A woman who insists she was raped in her own home four years ago has finally won her fight for justice.

Police believed the woman's story when they investigated in 1999 but said there was not enough evidence to press charges.

The woman, known as Ms A, who was 15 at the time of the attack, turned to the Criminal Injuries Compensation Authority, which makes payments to victims of crime.

Her application was turned down after the authority ruled "on the balance of probabilities" she was not a victim of rape.

But the authority's decision was overturned on Thursday after an appeal and Ms A was awarded £7,500.

When the application was first turned down, Ms A told The Argus: "I know exactly what happened to me. They don't. In effect I'm being told I made it all up."

She said the attack took place on January 29, 1999, after her friend invited another friend to her home for a quiet evening watching TV.

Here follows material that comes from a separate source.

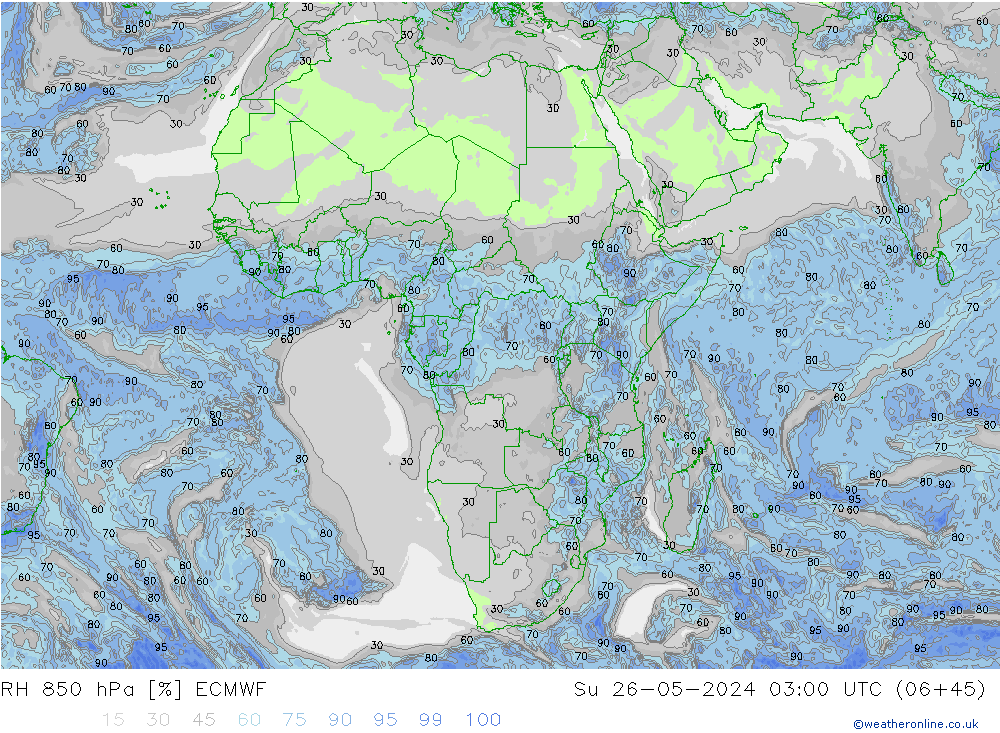 RH 850 hPa ECMWF Su 26.05.2024 03 UTC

She said: "We were sitting there together chatting. I'd drunk a can of Stella Artois and it had been a nice evening. I wasn't drunk by any means. It got late and (the attacker) asked if he could stay over. I wasn't happy about it but I said it was all right.

"We were all lying on mattresses in the lounge. Then he started trying to get close to me. I was saying "Leave me alone" but he just carried on.

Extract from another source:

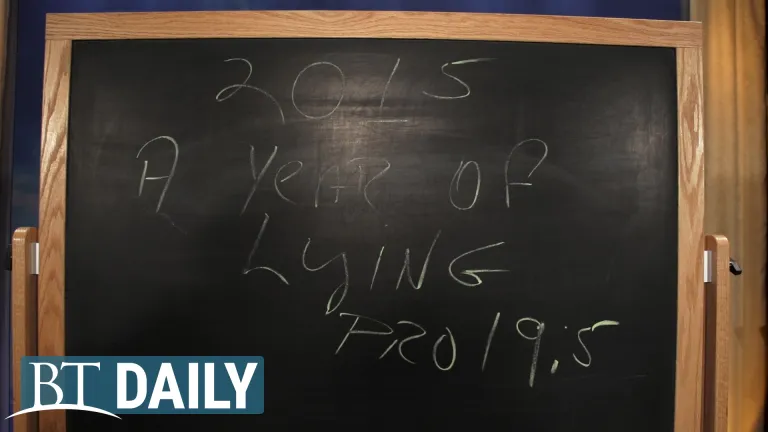 Beyond Today -- A Year of Lying?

"It led to rape. I didn't know what to do. I couldn't scream or even say anything as it was happening. I was just in shock. Afterwards I just lay on the bed in tears." Ms A said nothing for seven days. Her friend had slept through the attack, only to be woken by Ms A saying: "No, no. . ."

She said: "I couldn't tell anyone, I didn't know what to do. It was only when I was at my cousin's house about a week later that I told her what had happened. She told her mum, her mum told my mum and my mother told the police.

"The police didn't seem to take me seriously. They made me talk through everything, more than once, it was just horrible.

"I told them my friend was there and they said they would question her. I think they made one attempt to contact her and then didn't bother again."

Her attacker denied it and two months later Miss A was told there wasn't enough evidence to press charges. Because of the attack, she stopped going to school. She turned to welfare rights worker Tony Greenstein of the Brighton and Hove Unwaged Advice and Rights Centre.

Mr Greenstein, who represented Ms A at her appeal, said: "This is brilliant news as it finally brings closure for Ms A.

"The trauma of being told by the authority that she hadn't been raped was in many ways worse than the original act of rape."

Mr Greenstein criticised the time it took to get compensation.

He said: "Unlike all other victims of violence, rape victims are in a unique position whereby the mere fact of having been attacked is questioned and disputed."